Some financial analysts have questioned Teradata’s continued growth in an IT market where customers have Hadoop on the mind, but if the decades-old data warehouse vendor is scared, it isn’t letting on.
“It’s more about mitigating the hype than mitigating the reality,” Teradata Labs President Scott Gnau said when I asked him recently about the effects of open source Hadoop on Teradata’s historically proprietary (and pricey) software and appliances. Because of issues around governance, security and performance, he said it’s “kind of silly” to suggest Hadoop is a valid replacement for a Teradata system.
If anything, Gnau thinks Hadoop and Teradata technologies are complementary. “Our joint components are worth more than the individual parts alone,” he said.
At least for now, it seems like a fair point. On Monday, Teradata announced a handful of new products and features, including a capability called QueryGrid that lets user write a SQL query in Teradata and have it analyzed automatically in a Hadoop or a Teradata Aster system. It also announced support for the semi-structured JSON file format, meaning Teradata users will be able to extend their deployments across data from sensors, GPS trackers, web logs and other popular sources of machine-generated data.
This means that data types that historically might have been reserved for storage and analysis in Hadoop (and, for JSON especially, possibly a NoSQL database such as MongoDB) now might only need to be stored there.
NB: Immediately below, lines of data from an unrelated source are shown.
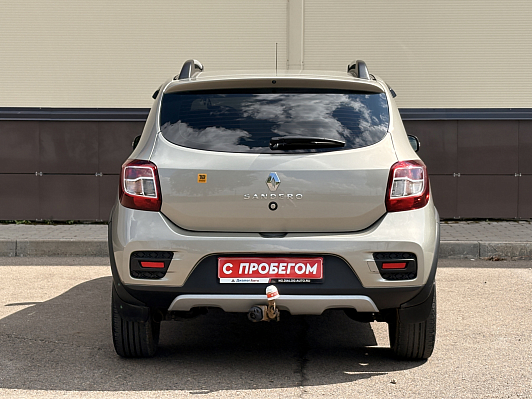 Renault Sandero Special Edition, 2019 года, пробег 95007 км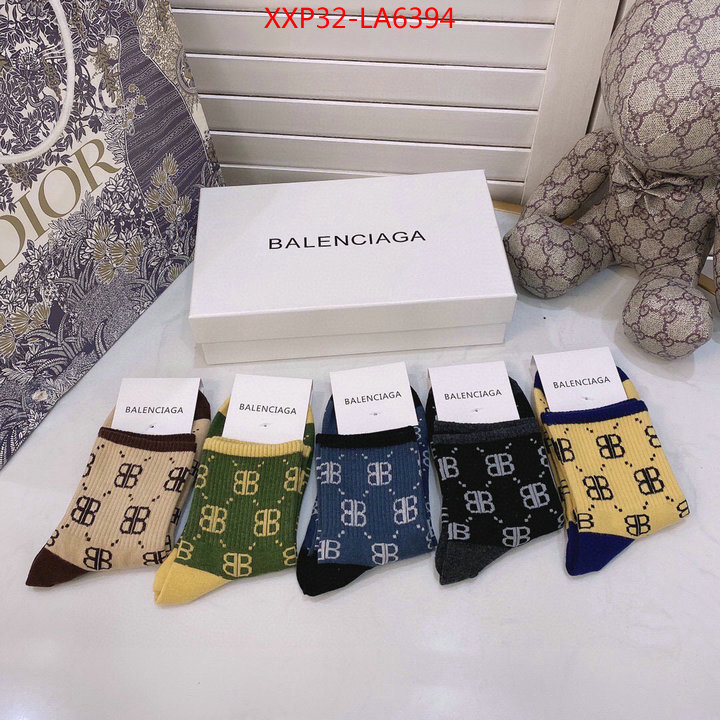 Sock-Balenciaga,sale outlet online , ID: LA6394,$: 32USD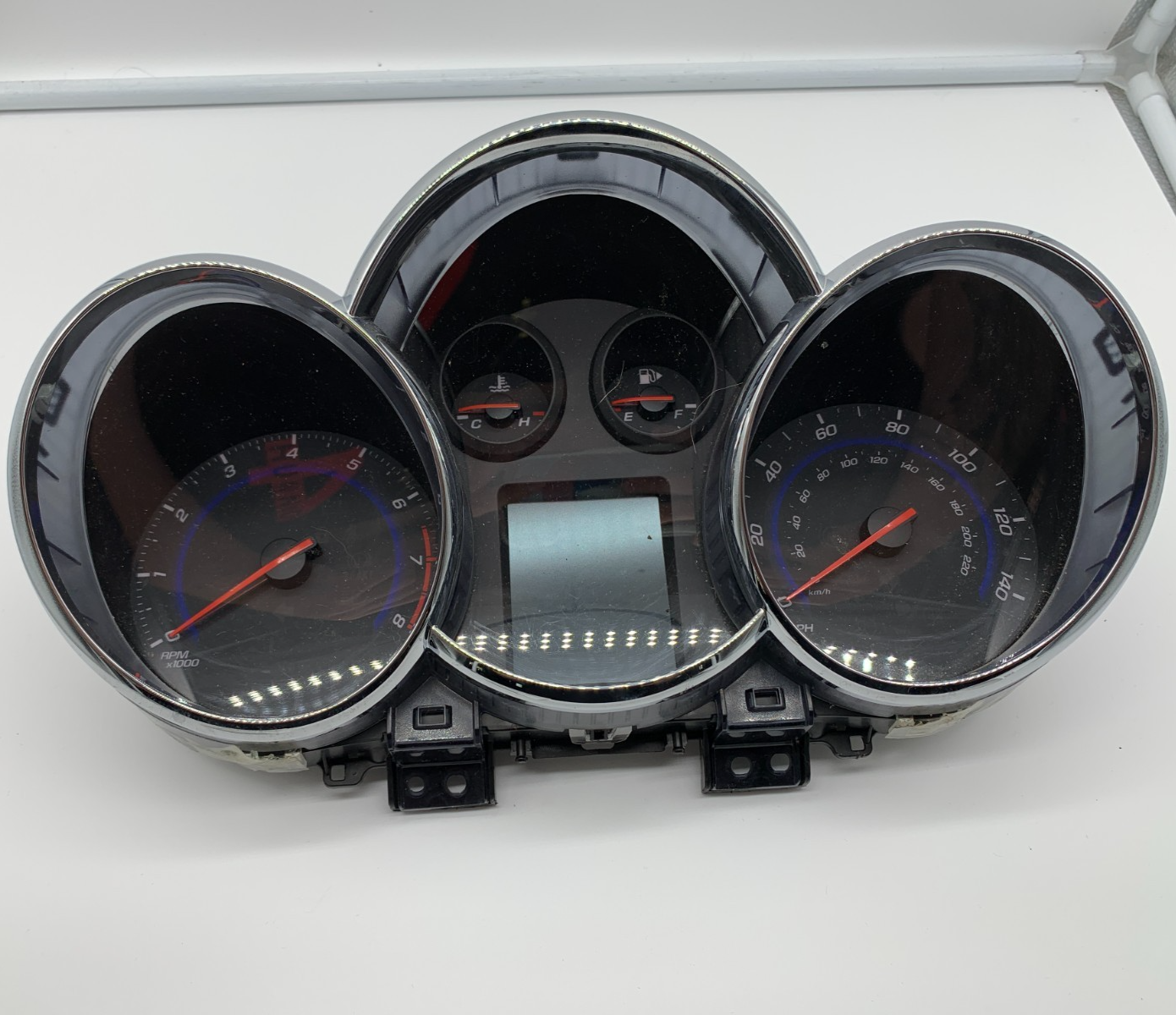 2015-2016 Chevrolet Cruze Speedometer Instrument Cluster 77,312 Miles A02B30003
The way Teradata sees it, the more data that companies store — even in Hadoop — the higher the likelihood some of it will become important. The more important it becomes, the more they’ll want to analyze it using a proven, mission-critical system such as Teradata.
“I can put a screw in the wall by using a hammer,” Gnau said, referencing attempts to build SQL query engines for Hadoop, “but it’s not the most elegant solution.”
Actually, most Hadoop vendors might agree with that sentiment right now. Hadoop startup Hortonworks, which has a tight partnership with Teradata, makes no bones about its strategy of acting as a data platform in which users can store and process their big data, but that is designed to work very well with more-sophisticated analytic software such as Teradata.
“We don’t force the customer to make a hard decision of ‘I’m going to unplug one and move to another and hope it all works,’” Hortonworks CEO Rob Bearden told me recently.
Another Hadoop vendor, MapR, is working on its own open source SQL-on-Hadoop tool, but has also baked support for the HP Vertica analytic database into its software. Even Cloudera, the Hadoop vendor most vocal about positioning itself as a disruptive force to the enterprise data warehouse vendors such as Teradata, still relies heavily on software partners, including those selling data warehouses and doesn’t discount their value.
Existence doesn’t mean growth
However, none of this is to say that Teradata or other companies of its ilk (actually, most of its previous independent competitors have been acquired by companies such as IBM, HP and EMC) will remain unscathed from a revenue perspective — even if its largest customers are still scaling up like crazy. The advent of Hadoop does mean that customers can house more data in an inexpensive locale rather than paying high per-terabyte rates. The move toward SQL on Hadoop does mean that customers can move some analytic workloads onto less-expensive systems.
Intel expects Hadoop will eventually be the most popular workload running atop its server processors. If that turns out to be true, it will represent a level of investment in Hadoop across companies of all types that might lead CIOs to demand even more from it and the companies selling it. Already, EMC-VMware spinoff Pivotal, in particular, is making a big bet that customers will want to buy their Hadoop, their databases and their data warehouses from a single source, and it’s tinkering with its pricing to make its vision a reality.
The uptick in interest for Spark, a next-generation in-memory processing framework that can run atop the Hadoop file system, only makes Hadoop look better. Spark has a subproject called Shark that’s designed for interactive, in-memory SQL queries. Even business intelligence startups such as ClearStory Data and Platfora — two companies that would certainly like to take some market share from Teradata — are either built on Spark or working on supporting it.
Away from Hadoop, there are database startups such as MemSQL and Citus Data that are building fast, distributed and relatively inexpensive analytic databases that speak SQL but can analyze data in a variety of formats and across different data stores.
Teradata might be the world’s biggest and best pure-play analytics vendor, but nothing lasts forever. Just look at IBM: It still sells and services mainframes, but it’s not betting the future on them. It doesn’t even sell servers anymore. As the open source community (and the startups built on its software) continues to encroach on Teradata’s territory, it probably has to do something really big to reestablish its dominance, or get used to a future that looks a lot like IBM’s mainframe business.
Yes, it will remain indispensable to some very large companies and very important workloads, but everything else might find a different home.